I bid one last look to the black silicon sky, with it's lines of data pulsing constantly, and it's stars of nodes.  There was peaceful digital perfection here, and I knew it'd be the last bit of peace I'd allow myself for some time.  The moment over, I returned to my 'link, and popped back into my body, the car going past the former Renraku Arcology.  After Renraku's insane AI, Dues, had locked it down and performed insane experiments on the metahumans trapped inside, and the UCAS Army had to rescue them, it has been the property of the UCAS government.  It was now the Arcology Commercial and Housing Enclave, and, boy, did Renraku ever ACHE over that one.  Their shiny Corporate Fortress becoming a public mall, and welfare housing.

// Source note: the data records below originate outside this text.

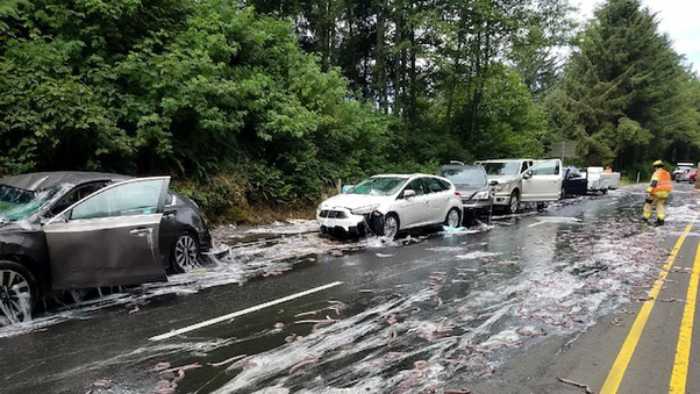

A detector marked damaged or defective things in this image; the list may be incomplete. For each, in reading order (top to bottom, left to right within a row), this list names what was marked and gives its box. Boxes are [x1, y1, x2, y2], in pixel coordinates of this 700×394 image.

broken windshield [350, 177, 410, 195]
broken windshield [0, 185, 58, 222]
damaged car hood [322, 193, 392, 209] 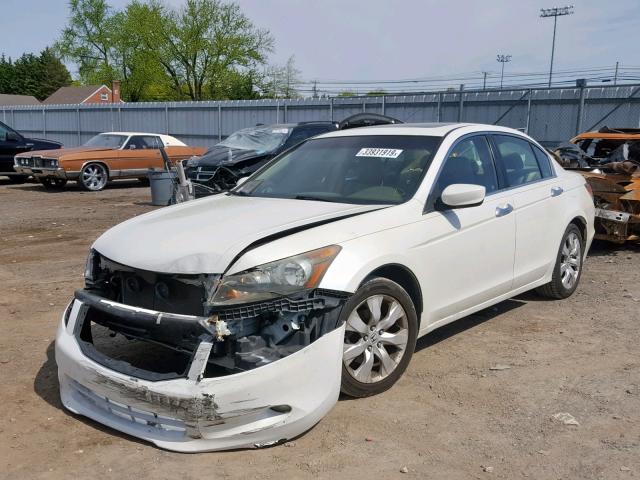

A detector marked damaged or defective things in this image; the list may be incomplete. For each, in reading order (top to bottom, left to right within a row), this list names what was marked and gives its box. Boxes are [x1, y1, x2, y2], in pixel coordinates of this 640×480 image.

wrecked black vehicle [181, 114, 400, 197]
damaged white sedan [55, 122, 596, 452]
crumpled front bumper [55, 298, 344, 452] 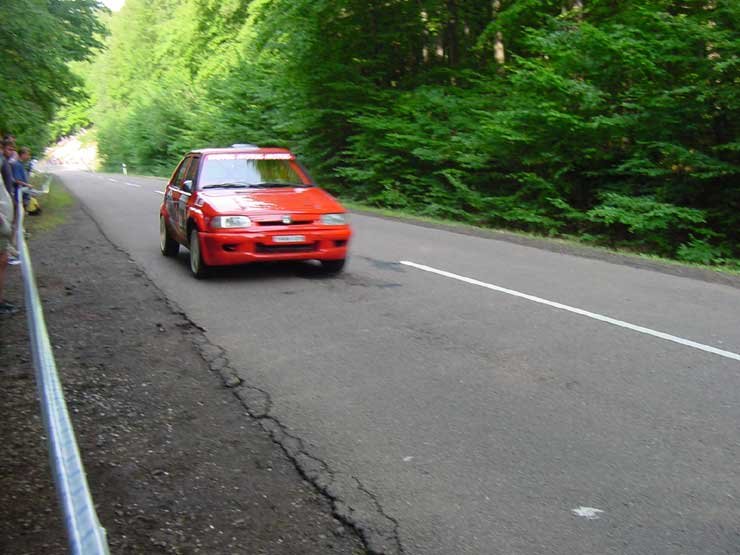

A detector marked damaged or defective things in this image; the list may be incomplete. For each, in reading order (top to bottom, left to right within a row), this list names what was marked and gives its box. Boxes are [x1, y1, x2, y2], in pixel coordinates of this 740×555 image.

crack in asphalt [76, 200, 404, 555] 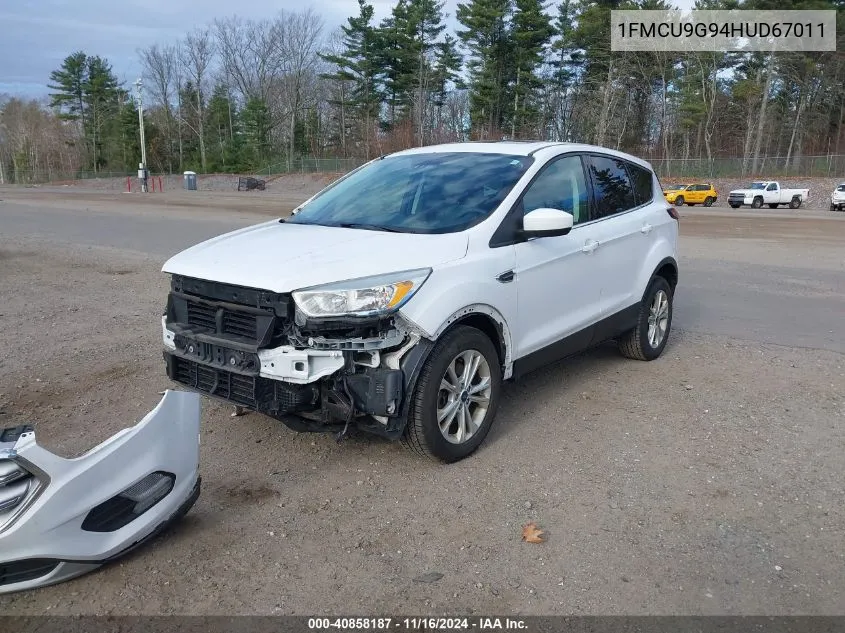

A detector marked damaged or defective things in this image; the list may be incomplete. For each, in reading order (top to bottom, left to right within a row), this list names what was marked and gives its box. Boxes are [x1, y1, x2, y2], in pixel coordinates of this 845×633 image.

damaged front bumper [0, 390, 201, 592]
detached bumper [0, 390, 201, 592] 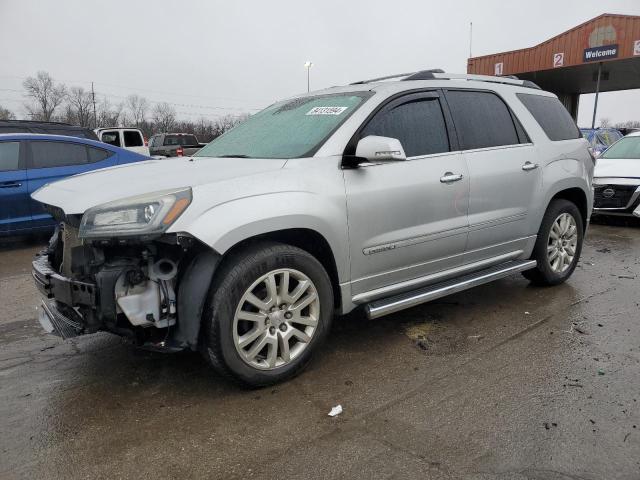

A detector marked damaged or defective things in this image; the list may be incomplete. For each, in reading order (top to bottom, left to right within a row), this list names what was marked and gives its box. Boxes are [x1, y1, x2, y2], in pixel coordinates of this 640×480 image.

front-end damage [34, 216, 220, 350] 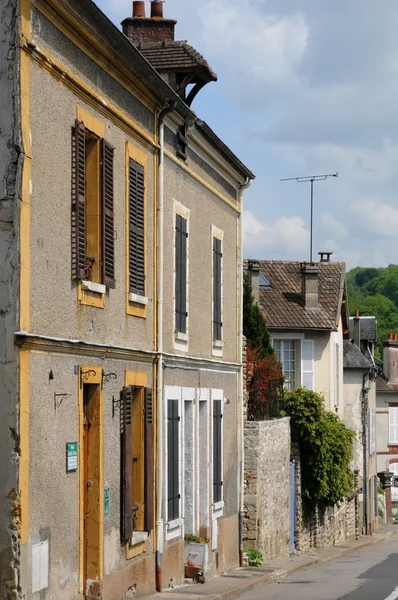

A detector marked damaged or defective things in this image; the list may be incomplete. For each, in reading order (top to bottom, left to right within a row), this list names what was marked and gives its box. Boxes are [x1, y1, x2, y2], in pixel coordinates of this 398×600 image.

peeling plaster facade [0, 1, 252, 600] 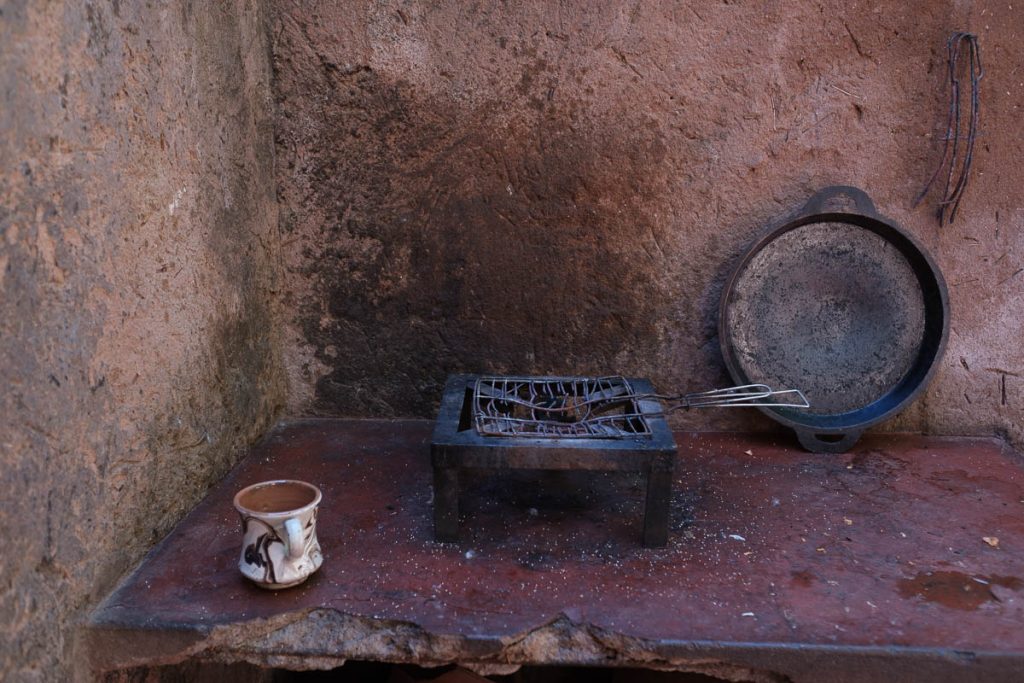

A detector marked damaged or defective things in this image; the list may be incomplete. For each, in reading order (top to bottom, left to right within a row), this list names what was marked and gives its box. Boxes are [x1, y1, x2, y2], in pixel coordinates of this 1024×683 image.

cracked mud wall surface [0, 2, 282, 679]
rusty metal surface [88, 419, 1024, 679]
cracked mud wall surface [272, 0, 1024, 446] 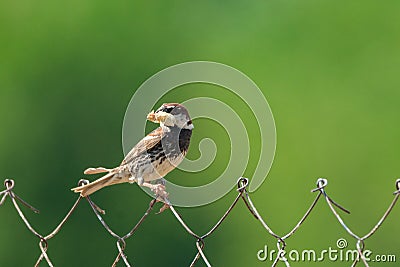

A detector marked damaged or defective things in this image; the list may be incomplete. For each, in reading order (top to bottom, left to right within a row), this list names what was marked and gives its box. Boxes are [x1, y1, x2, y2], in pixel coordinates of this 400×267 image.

rusty wire [0, 177, 400, 266] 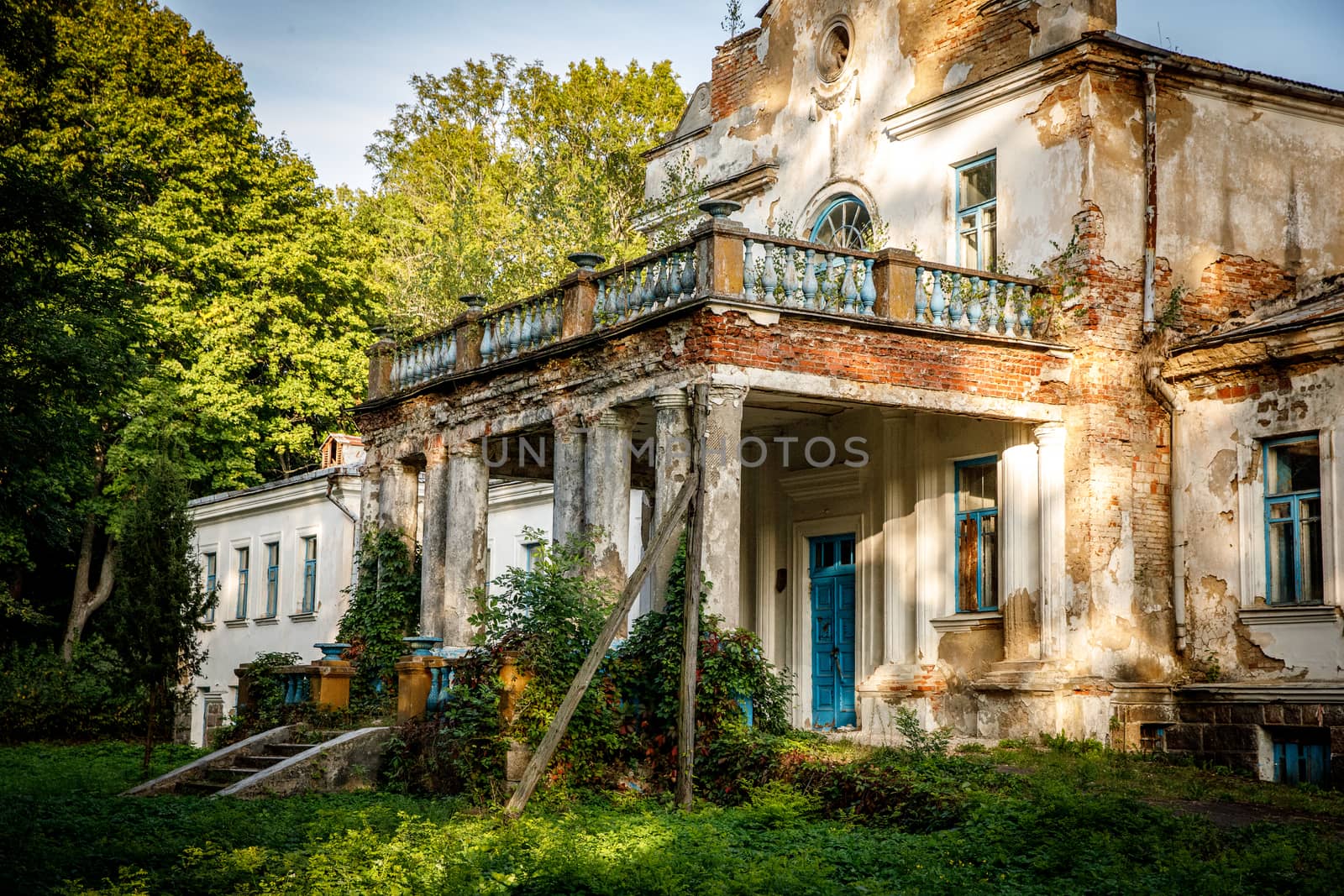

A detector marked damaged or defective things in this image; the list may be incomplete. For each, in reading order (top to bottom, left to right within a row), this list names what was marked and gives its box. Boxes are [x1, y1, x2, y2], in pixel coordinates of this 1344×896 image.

peeling plaster wall [1183, 362, 1344, 679] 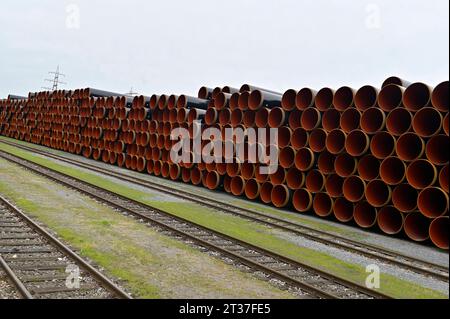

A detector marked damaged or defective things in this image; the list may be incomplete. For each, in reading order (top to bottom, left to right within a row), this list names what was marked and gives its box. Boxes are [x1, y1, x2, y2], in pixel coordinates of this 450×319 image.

The time was 10:41:12.  Hours to go before I could do anything real in the pursuit of these chips.  I set the autopilot to a nice, roundabout way home.  I called the family homestead on the way back home, but only got the machine.  Not really a surprise, Grandpa was hard to contact, or even narrow down where he was at any time.  Not bad for someone pushing 90-years old.  I left a message with the details, and informed him that I was taking care of it.  No use having two people take the city apart brick by brick in anger.

Getting up to the condo, I stripped down, put on the housecoat, checked the Colt L36's action and load, and got myself a bottle of Tullamore Dew.  And just stared at the blank white wall, sipping from the bottle, until 13:33:08.  Then went to bed, setting my alarm to wake me up at the fall of the sun.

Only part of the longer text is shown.